Too much code sees a dedicated partial strings representation
Please consider the most recently corrected mistake in a long list of issues related to partial strings: https://github.com/mthom/scryer-prolog/commit/93cc4d48980d0a6c39575a04557bee086a865e31
Such issues stem from special cases related to a dedicated partial strings representation. Scryer is on the forefront of pioneering systems of this representation, and is the first to run into many such issues.
How can we reliably prevent such problems?
A completely safe solution for such issues is to move as much of the code as possible to Prolog. A candidate that has already been identified is write_term/3. Also a Prolog implementation may have mistakes. But it will never be a mistake due to confusing two different internal representations of partial strings, because Prolog code cannot tell the representations apart.
In cases where that would be too slow, a simple step that would prevent many such issues is to retain at least the following guiding principle: The internal representation of partial strings must be exposed to as few places in the code as possible.
There is no need for compare/3 to even know that there is a dedicated internal representation for partial strings. It should only ever see a partial list, no matter how it is internally represented.
@Skgland: Since you have a particular talent for far-reaching adaptations that improve correctness, I hope this may interest you for example? I.e., to implement the Rust vocabulary that provides access to partial strings as "normal" lists?

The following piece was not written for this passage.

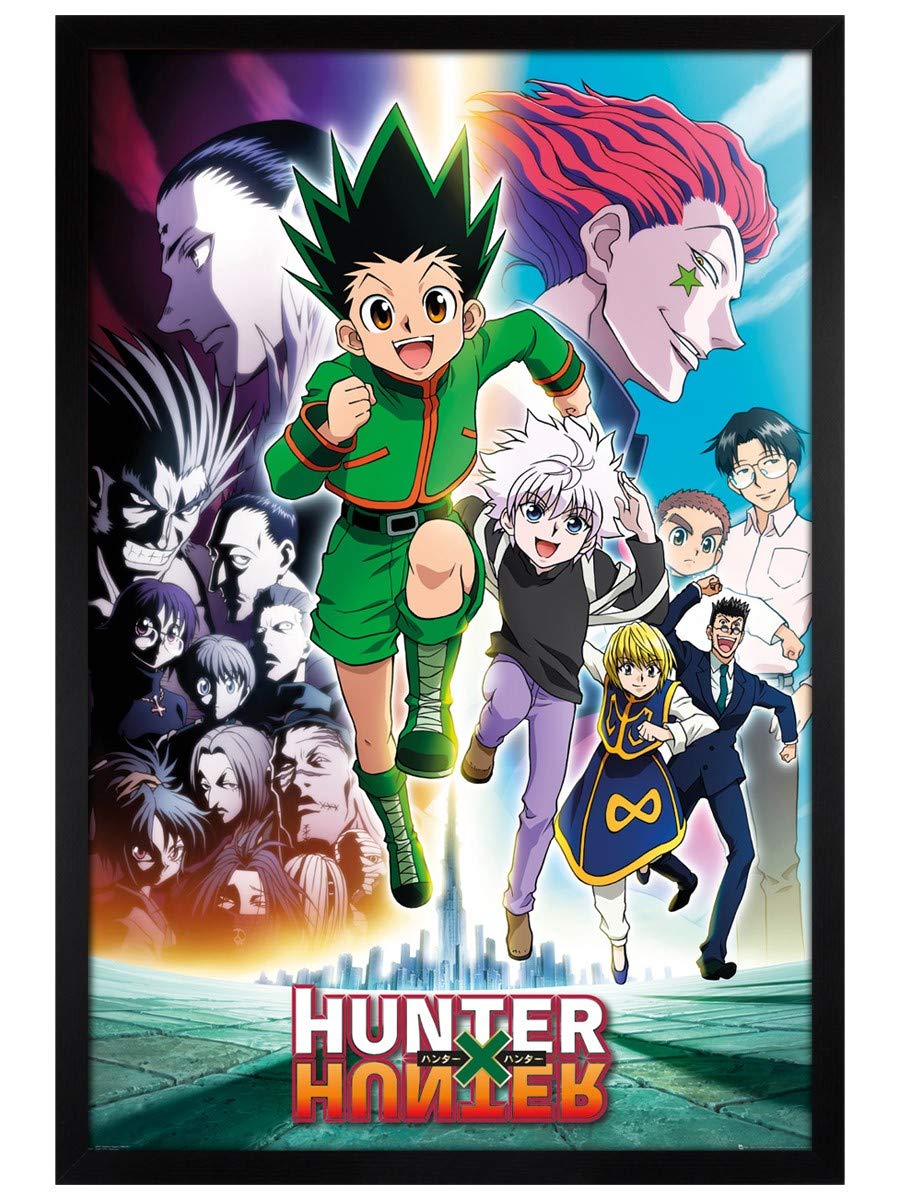 Hunter X Hunter Black Wooden Framed Keyart Running Maxi Poster 61x91.5cm
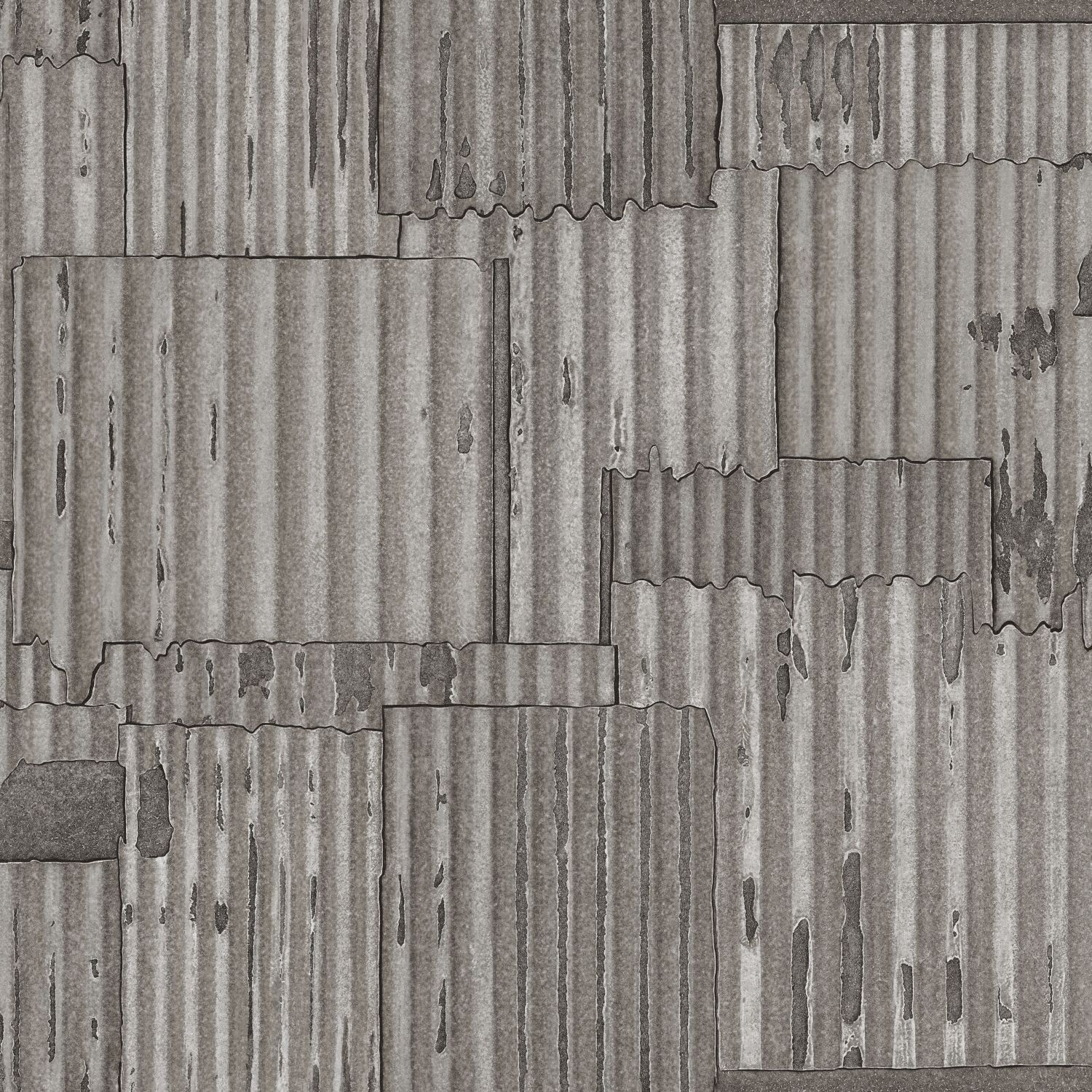 Origin Wallcoverings tapeet tööstuslik metall laineline 3D tumehall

I don't have any immediate ideas in mind and I don't think I had much contact or involvement with partial strings till now. Should something come to mind I will definitely share it, but I am not expecting much.
Another candidate where a better building block that papers over the internal representation difference could be useful and help to avoid mistakes: https://github.com/mthom/scryer-prolog/commit/b2cfc8b6f2fbcd26cbe99f98b4a03679dab8671b
One additional motivation to limit the places that see the internal representation difference:
In the future, binary blobs (of fixed, known length) could be an interesting addition to the engine, one key advantage being that each byte value is processed in constant time (whereas with UTF-8 encoding, values greater than 127 take two bytes). This will reduce or even entirely eliminate the risk of side-channel attacks in cryptographic applications. See also https://github.com/mthom/scryer-prolog/issues/24#issuecomment-1881642240
With useful building blocks that let more Rust code ignore the internal representation difference, such binary blobs will be a lot easier to add. Interestingly, and I think hitherto unheard of, binary blobs could then be accessed as Prolog lists and simultaneously also serve as arrays of binary data where each byte can be accessed in O(1)!
Especially for APL programmers such as you @pmikkelsen, this could yield interesting combination opportunities leading to array-based logic programming or logic-based array programming. Fast vector-based building blocks could be very valuable to have in Prolog applications.
I agree 100% that having different internal representations for data, which can be used transparently from the prolog code is a great idea. At my day job, the APL interpreter we develop has 5 or so representations of numeric arrays (1-bit, 1,2 and 4 byte signed integers, and 64bit floatingpoints) and the most compact one is always used internally (the user shouldn’t care about the representation - it is just numbers, and there is no need to be able to tell them apart in 99,9% of usecases). Modern CPUs can process a lot of data at once using SIMD, and the smaller the array elements, the more elements per instruction :)
Similarity we have 3 different internal representations for character data (1, 2 and 4 byte integers).
The transparen conversion that the interpreter is doing when converting between representations is what makes this a pleasure to work with. I wouldn’t want it if as an APL programmer, I needed to think take care of each format.
Also, I am not familiar with how scryer handles/stores partial strings, so some of what I mention might be what you already do.
Partial strings are internally stored in UTF-8 encoding, a very compact representation explained in #24 and #95.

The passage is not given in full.